Although house prices decreased during the fieldwork period, when owners were asked whether the value of their home changed in the past 12 months, the majority of owner occupiers (66%) said they thought the value increased. A small proportion (4%) thought the value of their home decreased, 21% thought it stayed the same and 8% said they don’t know whether the value of their home changed, Annex Table 1.9.

When asked if they expected the value to change over the next 12 months, 31% thought the value would increase, 20% thought it would decrease, 36% thought it would stay the same and 14% said they don’t know whether it will change. Mortgagors were more likely than outright owners to think the value of their home would increase (33% compared to 29%), Annex Table 1.10.

The majority of homeowners said they thought the value of their home increased over the last 12 months but were less optimistic about the coming year.

8. Current interest rate

Mortgagors were most commonly on a fixed interest rate of five years or more (38% or 2.6 million households) or a fixed rate of two but less than five years (33% or 2.2 million households). Of the remaining mortgagors, 14% (908,000 households) were on a fixed rate for less than two years, 8% (504,000 households) were on their lender’s variable rate, and 5% (320,000 households) were on a tracker rate. The remaining reported mortgage types included capped- and discounted- variable rates, other interest rates or interest-free mortgages (3% or 181,000 households), Annex Table 1.11.

In the context of interest rate rises, it is notable that about half a million households report being on their lender’s variable rate.

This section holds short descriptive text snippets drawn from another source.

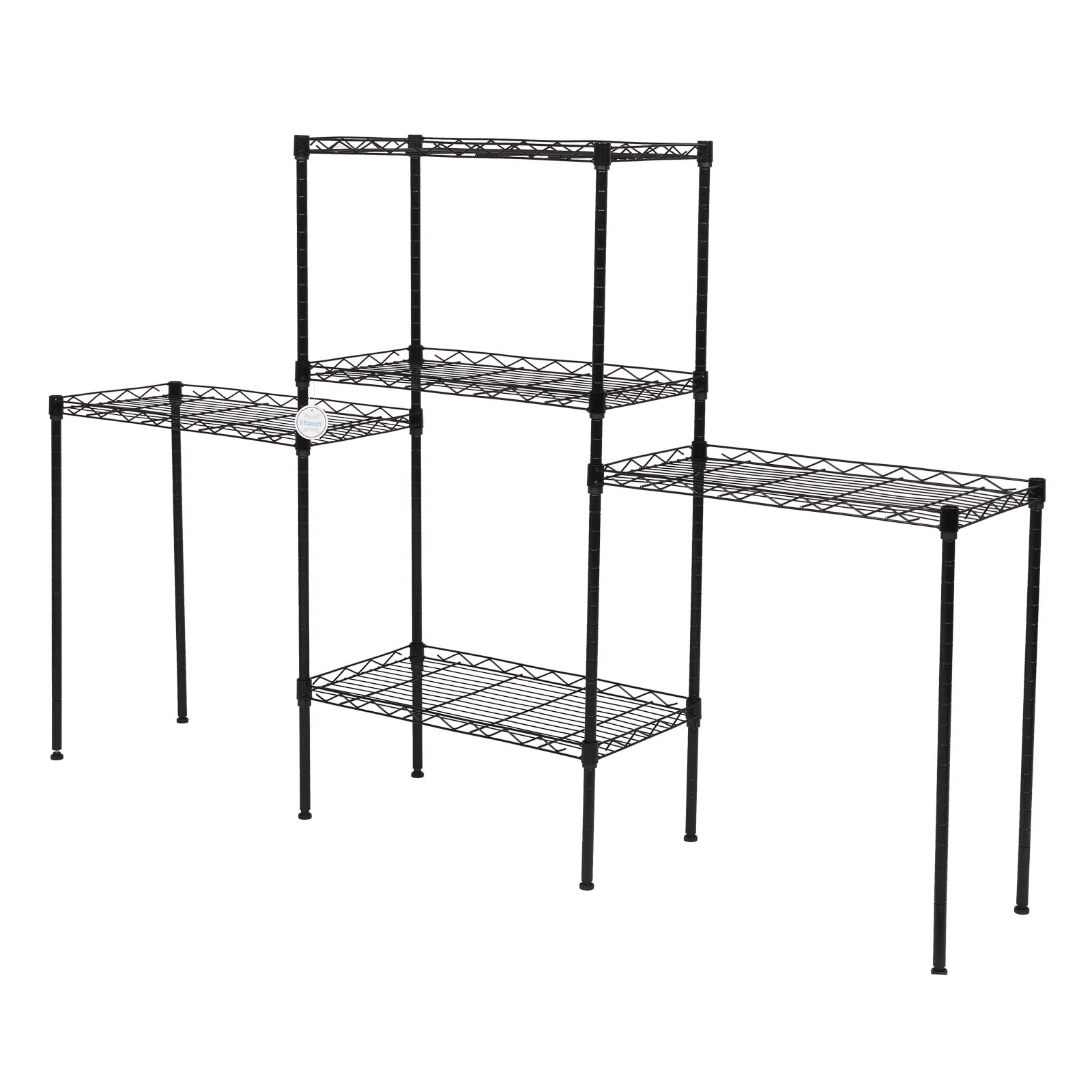 Floor Standing Carbon Steel Storage Rack, Black Changeable Assembly Adjustable Layer Shelf, Carbon Steel PP Anti-rust Mesh Storage Organizer, Tool-free Quick Assembly Rack for Home Hotel Restaurant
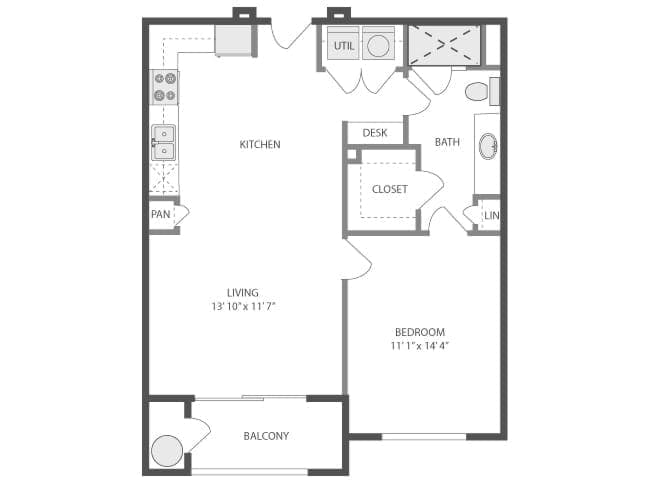 Confluence floor plan, 1 Bedroom, 1 Bathroom at AMLI Park Avenue apartments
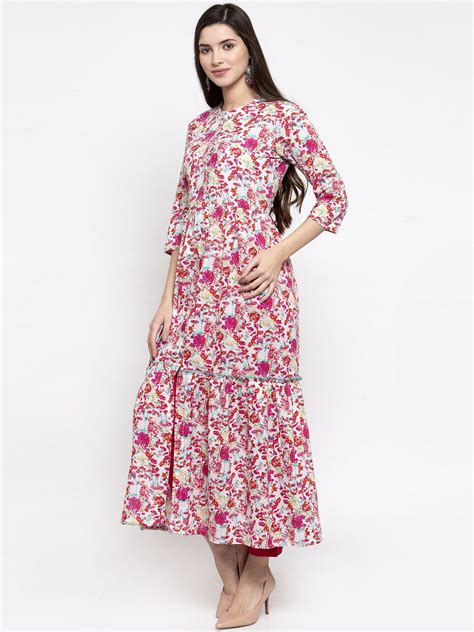 Indibelle cotton floral print front slit A-line kurta set (Pink ...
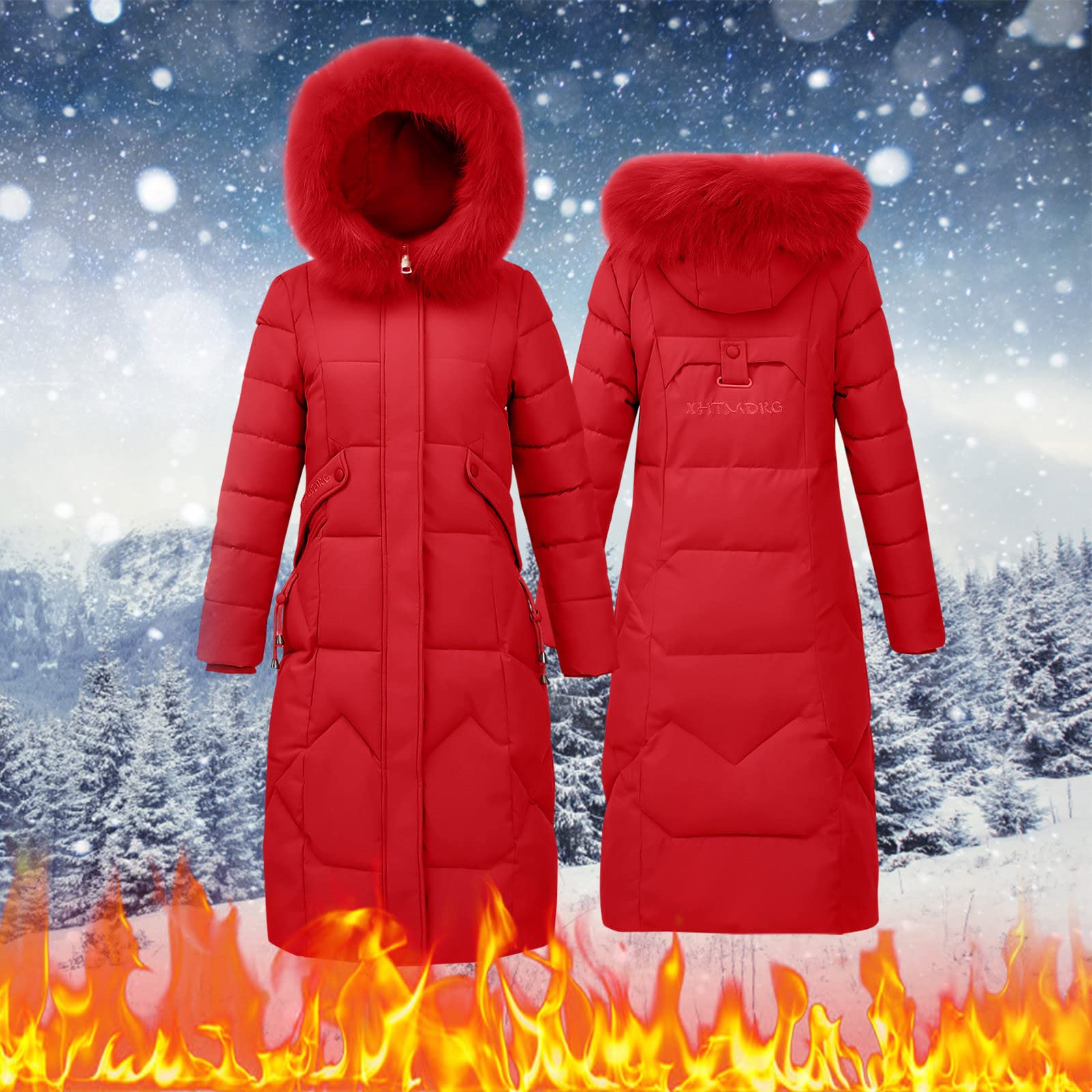 Cappotto invernale da donna, lungo, elegante, trapuntato, con cappuccio in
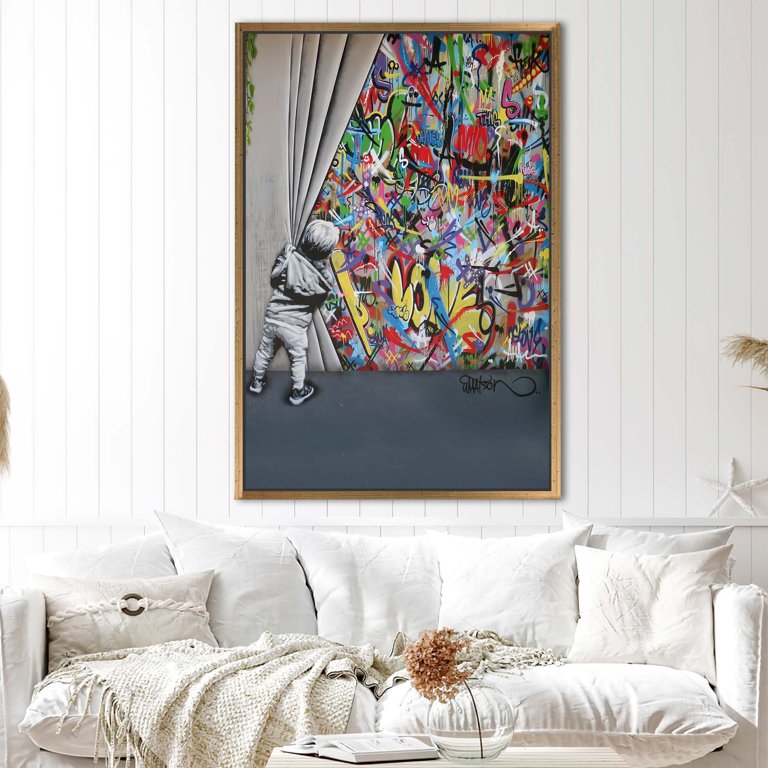 Abstract Art Canvas, Banksy Art, Behind the Curtain Art Canvas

These rates tend to be higher than fixed or tracker rates, and would have made these households more vulnerable to rate rises that took place throughout 2023.

Those who took out their mortgage more recently were more likely to have a fixed rate mortgage than those who took out their mortgage before 2018. Of mortgagors who took out their mortgage in 2021 or 2022, 97% were on some type of fixed rate, compared to 95% of those who took out a mortgage between 2018-2020 and 76% of those who took out their mortgage before 2018.

Most mortgagors had a fixed rate to their mortgage, with recent mortgages more likely to have a fixed rate compared to other interest rates.